When D/s practitioners dare to talk about the subject of abuse in relation to the kink community — which usually turns to pontification on “the difference between BDSM and abuse” — plenty of folks, it seems, reach for appeals to authenticity by making claims about “real doms” or “true doms” and what does or doesn’t apply to them.

“A real dom takes responsibility for their actions.”  “A true dom is not abusive.”  “An actual dom cares about the safety of their sub.”  A dom is only a dom when they don’t make me look bad.

Presumably, the goal of pieces like this is to erect ethical standards for people who take the role of dominant and/or to “defend” so-called “real doms” from being grouped in with abusive “fake doms” and “pretenders,” but going about it this way is completely backwards.

First of all, it’s just bad logic when *cough* “a term is preemptively given a biased definition designed to exclude elements vulnerable to criticism, yet making sure to still include all things praiseworthy… instead of acknowledging that some members of a group do indeed have undesirable characteristics.”

But maybe you don’t care what meets the criteria for a logical fallacy.  Or maybe you’d argue that it’s not being re-defined that way — it’s always been that way (?) to begin with and it should always be that way, and what it actually means has nothing to do with how it’s actually used!

The only reason to make a distinction between which doms are “real” and which aren’t, though, has to be an objection to how the label is being used, so let’s talk about that.

There are people who call themselves dominants and who fail some of the commonly given criteria for “real” doms, such as respecting limits and safewords.  There are people who call themselves dominants and who literally think their subs are inferior to them.  There are people who call themselves dominants and who act cavalier about subs’ physical and emotional safety.  There are people who call themselves dominants and who prioritize their immediate pleasure over other people’s well-being.  There are people who call themselves dominants who are dangerous and abusive.

And you want to stop them, right?

You think what you do (or what your loved ones do) is different from what they do, right?

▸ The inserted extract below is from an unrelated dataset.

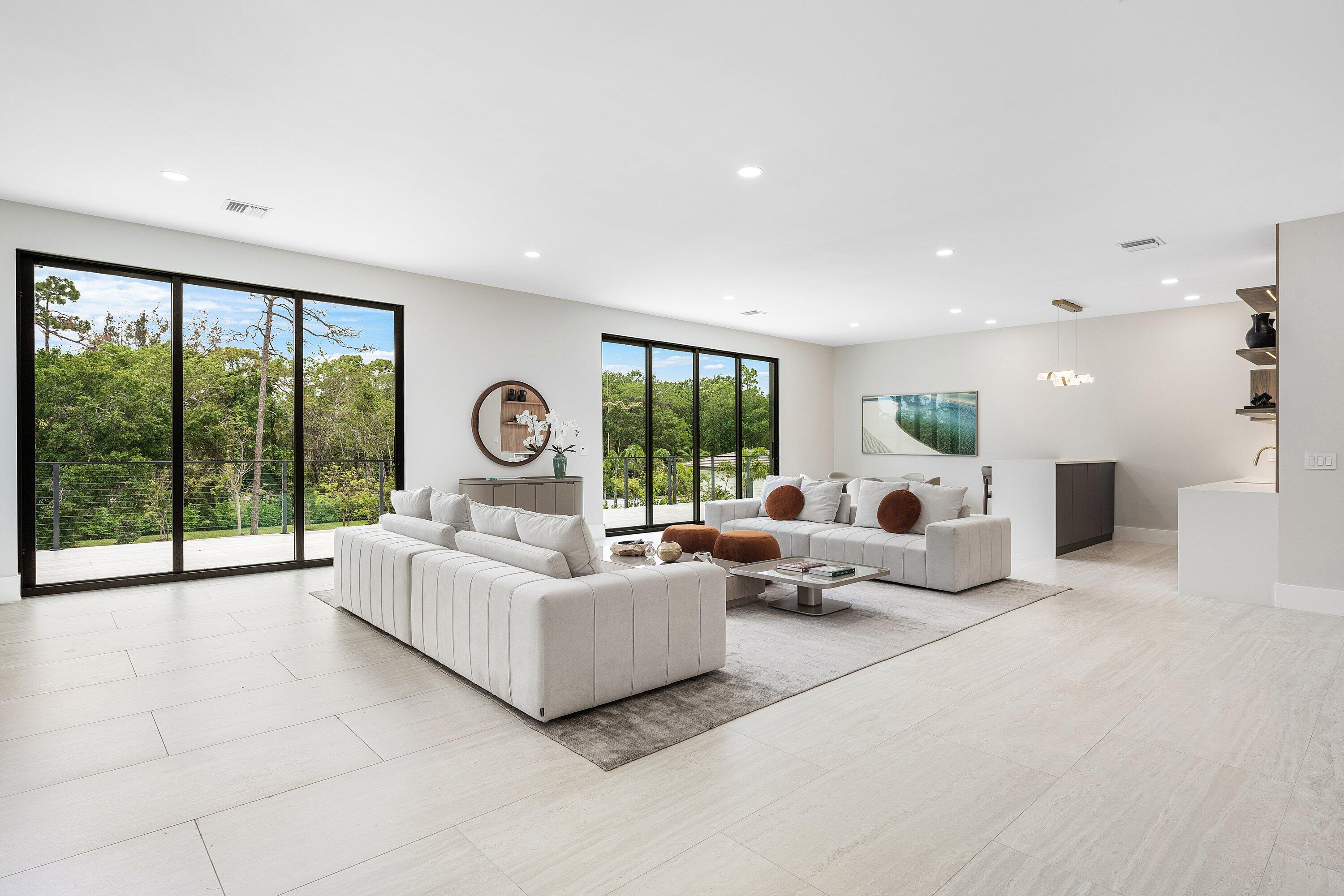 Pine Tree Estates - Residential
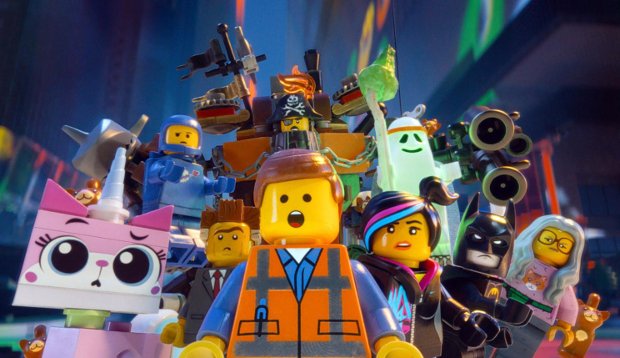 Warner Bros.: Konkurrenz für Amiibo und Skylanders auf LEGO-Basis geplant?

So when someone is calling themselves a dom and acting in reprehensible ways, clearly, what the D/s community needs to do is…

…tell them to stop calling themselves a dom?

Hold on, what?

Isn’t “acting in reprehensible ways” the sin to focus on here?

Okay, alright, I get where you’re coming from.  I get that this type of response may come from the viewpoint that “they’re going to act like that anyway” (i.e. these people cannot be dissuaded from their behavior) and so you figure the best you can do is beg not to be grouped in with them via linguistic prescriptivism (“those people exist but they are not doms because real doms aren’t like that“).

Let’s talk about how that approach to the problem shoots itself in the foot.

When people use use the label of dom “incorrectly” by calling themselves doms when they “aren’t really,” what is the context they’re saying that in, and what is their motivation?

The concept of a “dominant” as a noun rather than an adjective only makes sense within the subculture of D/s, and typically, self-identification as a dom happens in kinky contexts.  Among practitioners of D/s, the statement “I’m a dominant” positions the speaker to have access (conditional access, you could argue) to a control-oriented social role.  There is also, among practitioners of D/s, a strong and pervasive reactionary impulse to the scrutiny that compares D/s against the anatomy of abuse.

Why would dangerous and abusive people in these contexts call themselves doms?

Allow me to speculate.  D/s is a hierarchical dynamic, and the D/s subculture is heavily invested in establishing D/s as potentially healthy.  Abuse is also a hierarchical dynamic, and when abusers call themselves doms, they can trust that their interest in a hierarchical dynamic won’t necessarily be flagged as abusive (at least, not by most D/s practitioners).  This is a subculture whose slogan might as well be “doms are not abusers!”

So calling oneself a dom, in that context, can be read as a de facto claim that one is not an abuser — and abusers, of course, have an obvious incentive to convince people they’re not abusers.

That is, abusers benefit from the “doms vs. abusers” dichotomy and how heavily it’s pushed in kinky contexts.  Abusers call themselves doms because people are out there insisting that doms cannot be abusers.

And that, dear reader, is how “real dom” rhetoric is hoist by its own petard.